Widening the focus of the policy discussion to include the earliest years, as well as subsequent primary and secondary education, does nothing, of course, to simplify the challenges—on the contrary. There is currently no “system” and no defined institutional framework for improving educational opportunities and developmental conditions for very young children. Rather it has been up to parents and families to manage child care—and, increasingly, to juggle the demands of child care and work—in the earliest years. Given the primacy of the parental role during this critical period, the question is not how to shift or supplant the responsibility of parents and families as children’s first and most important educators. Rather, the question is how to support parents and families ingiving their children the best start possible.

The question is how to support parents and families in giving their children the best possible start.

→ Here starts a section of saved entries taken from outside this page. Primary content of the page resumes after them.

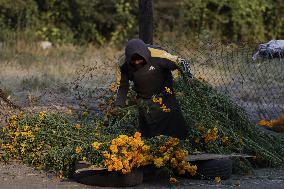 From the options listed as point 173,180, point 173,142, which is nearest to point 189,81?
point 173,142

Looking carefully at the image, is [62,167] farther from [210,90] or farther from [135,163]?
[210,90]

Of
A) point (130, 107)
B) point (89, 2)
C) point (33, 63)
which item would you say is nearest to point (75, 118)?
point (130, 107)

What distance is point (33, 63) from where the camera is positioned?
1775 cm

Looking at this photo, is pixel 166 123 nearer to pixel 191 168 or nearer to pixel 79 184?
pixel 191 168

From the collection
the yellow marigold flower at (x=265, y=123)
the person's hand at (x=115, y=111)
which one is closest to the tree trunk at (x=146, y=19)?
the yellow marigold flower at (x=265, y=123)

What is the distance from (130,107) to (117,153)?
1.79m

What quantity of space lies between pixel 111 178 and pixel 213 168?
108 centimetres

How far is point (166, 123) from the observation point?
311 inches

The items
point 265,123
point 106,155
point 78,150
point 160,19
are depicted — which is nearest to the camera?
point 106,155

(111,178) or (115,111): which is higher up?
(115,111)

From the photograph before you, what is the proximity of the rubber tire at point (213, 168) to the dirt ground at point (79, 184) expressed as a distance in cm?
8

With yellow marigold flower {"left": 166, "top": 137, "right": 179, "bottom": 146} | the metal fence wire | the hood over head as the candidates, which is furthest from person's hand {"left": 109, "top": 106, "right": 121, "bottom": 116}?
the metal fence wire

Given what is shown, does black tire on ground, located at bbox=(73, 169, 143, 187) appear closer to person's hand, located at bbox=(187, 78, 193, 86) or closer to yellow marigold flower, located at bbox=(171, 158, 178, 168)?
yellow marigold flower, located at bbox=(171, 158, 178, 168)

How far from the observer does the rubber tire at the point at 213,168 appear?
7.56 metres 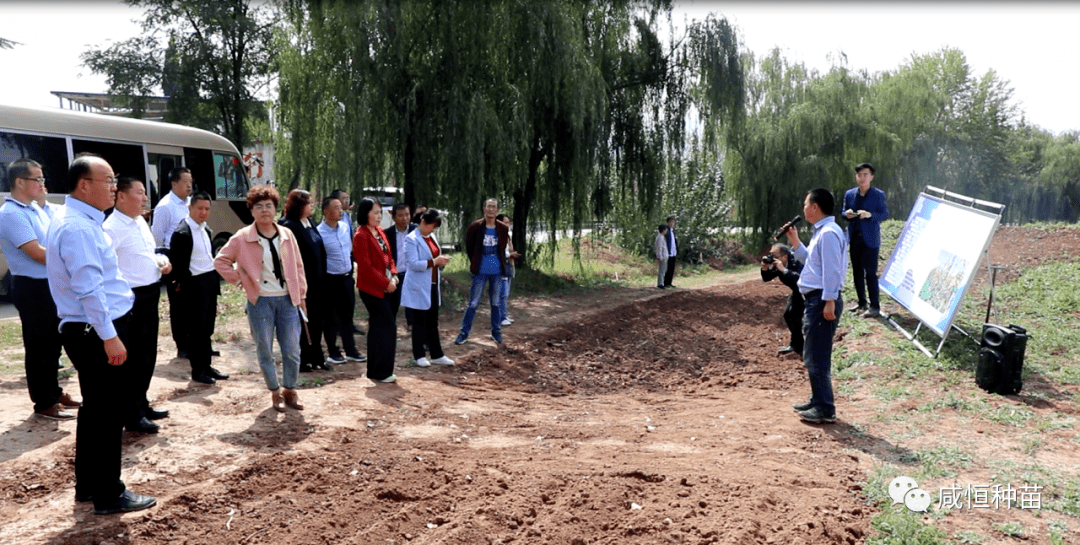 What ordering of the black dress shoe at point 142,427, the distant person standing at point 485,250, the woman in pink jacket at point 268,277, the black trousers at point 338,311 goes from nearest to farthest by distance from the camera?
the black dress shoe at point 142,427, the woman in pink jacket at point 268,277, the black trousers at point 338,311, the distant person standing at point 485,250

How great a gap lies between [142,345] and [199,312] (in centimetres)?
241

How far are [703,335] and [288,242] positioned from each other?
7.32 m

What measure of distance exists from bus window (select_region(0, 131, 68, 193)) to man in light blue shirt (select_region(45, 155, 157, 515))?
8.82 m

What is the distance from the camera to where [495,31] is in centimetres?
1236

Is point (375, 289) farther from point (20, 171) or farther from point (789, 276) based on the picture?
point (789, 276)

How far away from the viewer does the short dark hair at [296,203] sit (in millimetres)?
6387

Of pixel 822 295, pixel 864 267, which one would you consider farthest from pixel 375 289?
pixel 864 267

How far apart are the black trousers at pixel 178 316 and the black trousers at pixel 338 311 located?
1.30 meters

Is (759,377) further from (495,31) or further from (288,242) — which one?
(495,31)

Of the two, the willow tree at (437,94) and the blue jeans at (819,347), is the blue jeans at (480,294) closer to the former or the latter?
the willow tree at (437,94)

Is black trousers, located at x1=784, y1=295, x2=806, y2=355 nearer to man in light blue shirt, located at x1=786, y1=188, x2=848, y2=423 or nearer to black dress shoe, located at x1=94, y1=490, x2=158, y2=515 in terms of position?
man in light blue shirt, located at x1=786, y1=188, x2=848, y2=423

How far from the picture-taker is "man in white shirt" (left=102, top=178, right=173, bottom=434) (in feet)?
14.3

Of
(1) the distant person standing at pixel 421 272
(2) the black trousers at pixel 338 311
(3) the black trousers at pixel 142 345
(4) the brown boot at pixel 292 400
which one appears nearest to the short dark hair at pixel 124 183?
(3) the black trousers at pixel 142 345

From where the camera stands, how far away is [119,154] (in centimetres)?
1227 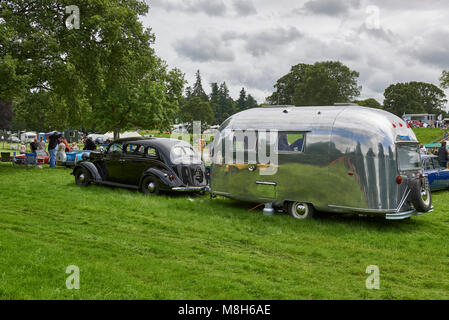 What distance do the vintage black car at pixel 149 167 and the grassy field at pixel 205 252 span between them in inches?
56.8

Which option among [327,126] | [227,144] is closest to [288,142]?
[327,126]

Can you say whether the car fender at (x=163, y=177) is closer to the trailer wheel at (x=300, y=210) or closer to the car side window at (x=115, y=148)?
the car side window at (x=115, y=148)

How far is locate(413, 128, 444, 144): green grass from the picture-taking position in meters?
51.6

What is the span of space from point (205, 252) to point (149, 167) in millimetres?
6971

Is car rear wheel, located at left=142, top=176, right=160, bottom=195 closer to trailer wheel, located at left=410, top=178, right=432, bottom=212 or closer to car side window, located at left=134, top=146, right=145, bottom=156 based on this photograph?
car side window, located at left=134, top=146, right=145, bottom=156

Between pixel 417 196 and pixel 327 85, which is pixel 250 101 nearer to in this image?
pixel 327 85

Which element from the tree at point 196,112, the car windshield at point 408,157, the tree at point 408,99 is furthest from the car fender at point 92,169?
the tree at point 408,99

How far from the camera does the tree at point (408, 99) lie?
10100 cm

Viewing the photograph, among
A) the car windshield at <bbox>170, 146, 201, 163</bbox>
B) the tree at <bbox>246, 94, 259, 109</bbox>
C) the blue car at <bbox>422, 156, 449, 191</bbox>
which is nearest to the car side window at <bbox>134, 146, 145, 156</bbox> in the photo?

The following sections of this brief elaborate on the need for a new, shared vision and public commitment to early care and learning. Mirroring the structure of the original A Nation at Risk report, it begins by defining “risk”—both in terms of an updated understanding of risk and in terms of some broad indicators of risk. The discussion of risk, in contrast to that of the earlier report, emphasizes early childhood development and learning more than international comparisons; similarly, the focus on indicators of risk offers fewer statistics on test scores and school achievement and more data points on the economic and social trends that are shaping children’s early care and learning environments in this country. The last two sections of the brief identify reasons for optimism and offer some concluding thoughts.